To wash it all down was a really relaxing drink made with mint and yoghurt called Doogh which was slightly carbonated. The obligatory tea (chay) and sweets to finish completed the job and all for a fiver.

Azari Tower

In my hostel I met a Ukrainian traveller, Oleg, who you might call an eccentric character. Travelling already for a year with no money he had lost his travelling companion on the first day when they both showed up late for their flight and were both denied boarding as Oleg had pepper spray on his person!

As we hopped on the metro after dark he had a waxed whisker beard, hat, big coat with a blue and yellow Ukrainian coloured belt. As we were speaking in English we were watched with intense curiosity by all in the car.
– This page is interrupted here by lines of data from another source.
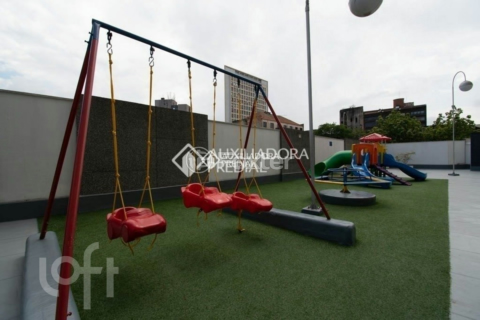 Image 3 - 278766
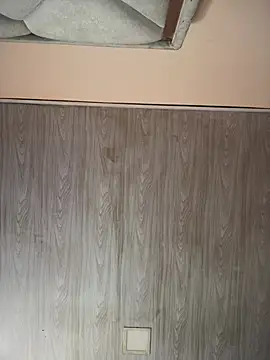 Kym Owens online show from 9, 2, 2026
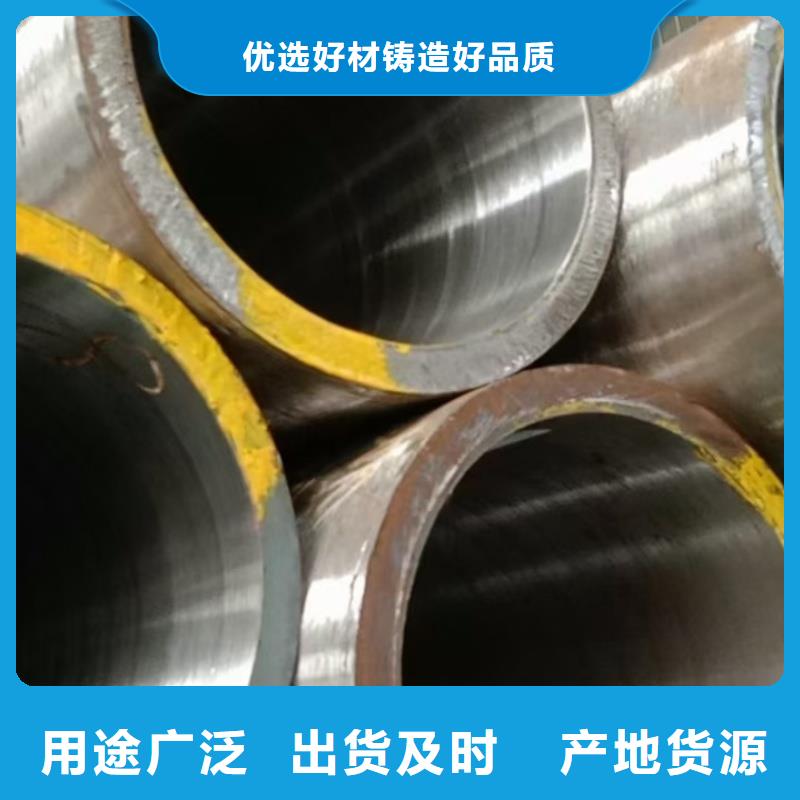 1060純鋁管_歡迎您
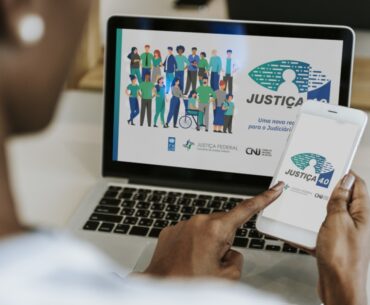 justicia_brasil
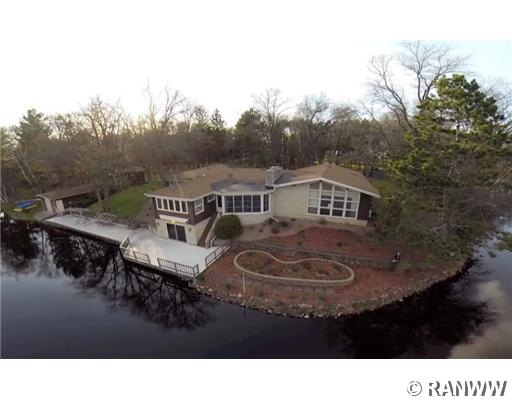 29137 263rd Street Property Photo 1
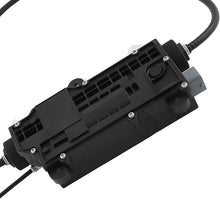 Ladda upp bild till gallerivisning, Park Brake Module compatible for Mercedes-Benz CL550 S550 2214302349 2214302149 09-14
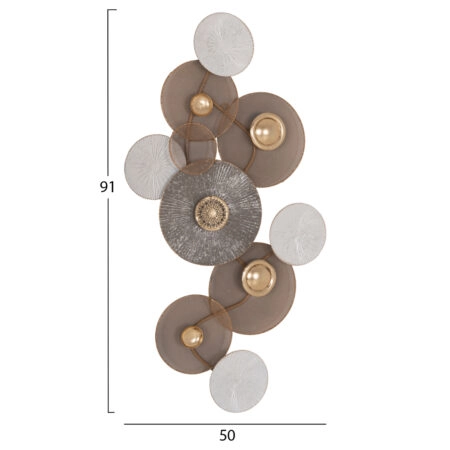 metalliko-diakosmitiko-toichoy-fb97165-c-1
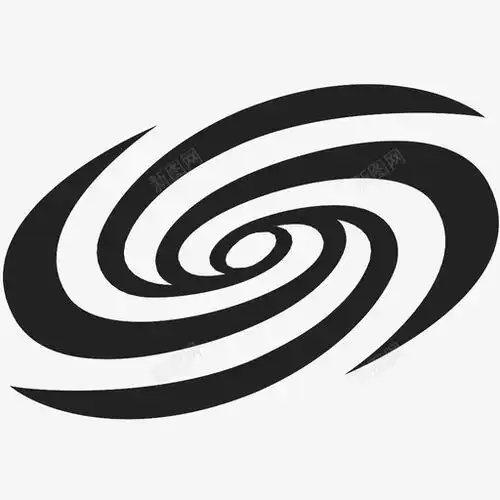 台风灾害自然灾害图标ui图标设计图片免费下载页面网页平面电商创意素材台风图标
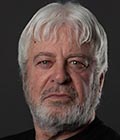 Rinaldo Talamonti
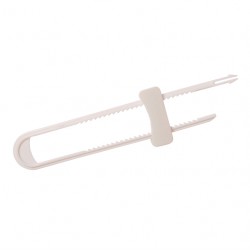 Dreambaby Sliding Lock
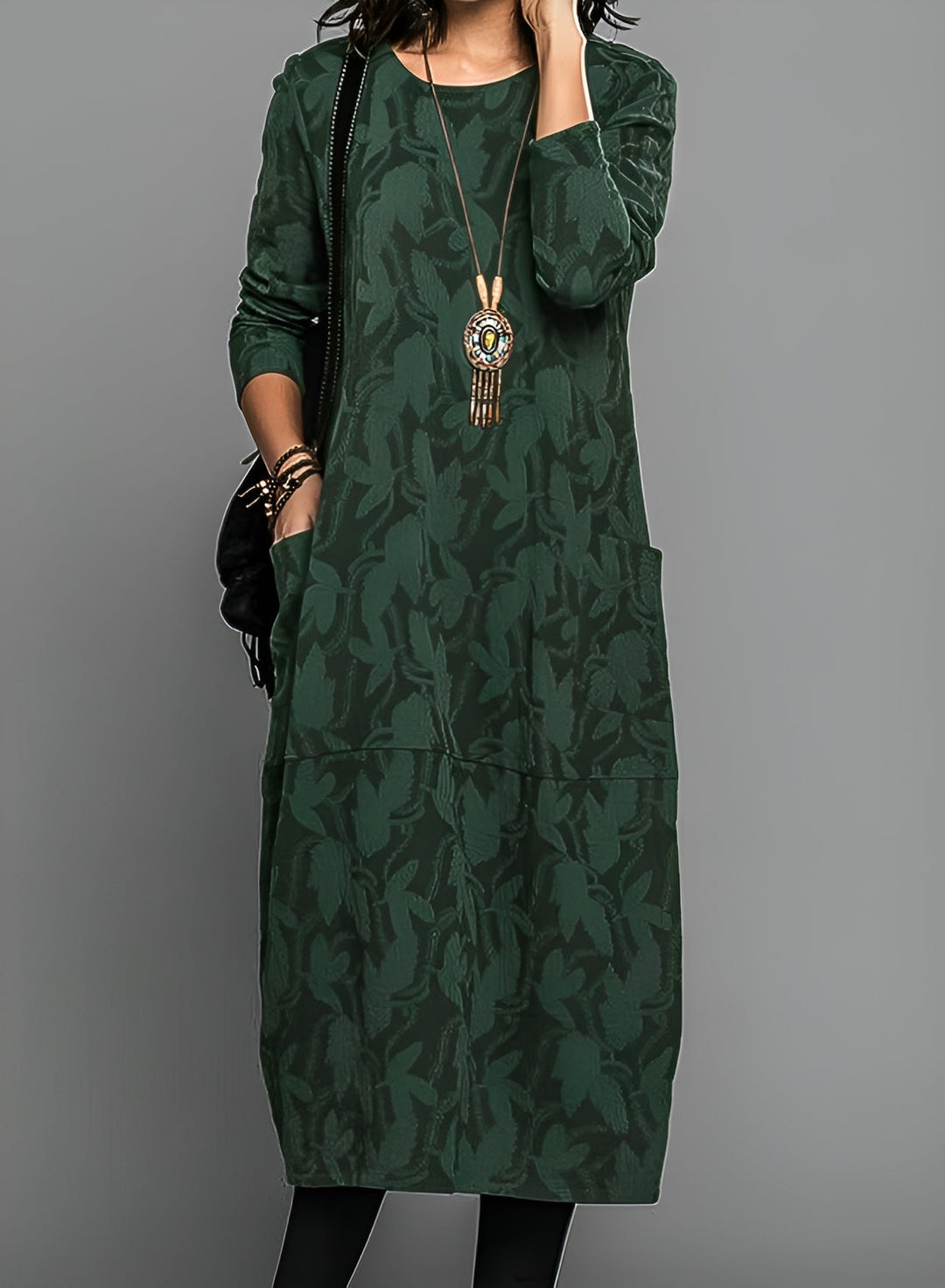 Women's Dresses — Edith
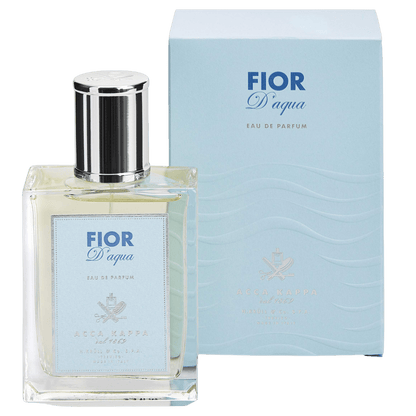 Acca Kappa Flor D Aqua EAU De Parfum skinstash in Pakistan 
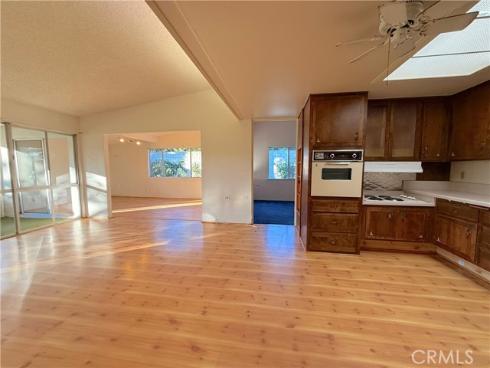 1240 Scioto 228F Road, Seal Beach, CA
Oleg was completely prepared and told me he was wearing sunglasses to make it less intense – I didn’t point out that wearing sunglasses at night on the metro might be attracting the attention to begin with.


Oleg sans sunglasses

In any case we visited the Azari Tower – a quite elegant arch built in 1971 as part of the celebrations of 2500 years of Persian Monarchy. Also part of that celebration was an enormous and opulent party in Persepolis with global royalty and presidents – the subject of a great BBC documentary which charts how this was a catalyst in the downfall of the Shah.


During the day many women, alone and in groups, are visible. After dark the dynamic of people out changes markedly – women are largely absent and is more male oriented. A group of Iranian guys were completely astounded to meet these two tourists and we took selfies and photos for posterity.


Running for the last metro the gracious line guard let us through for free as we were visitors – you don’t get sort of service in London!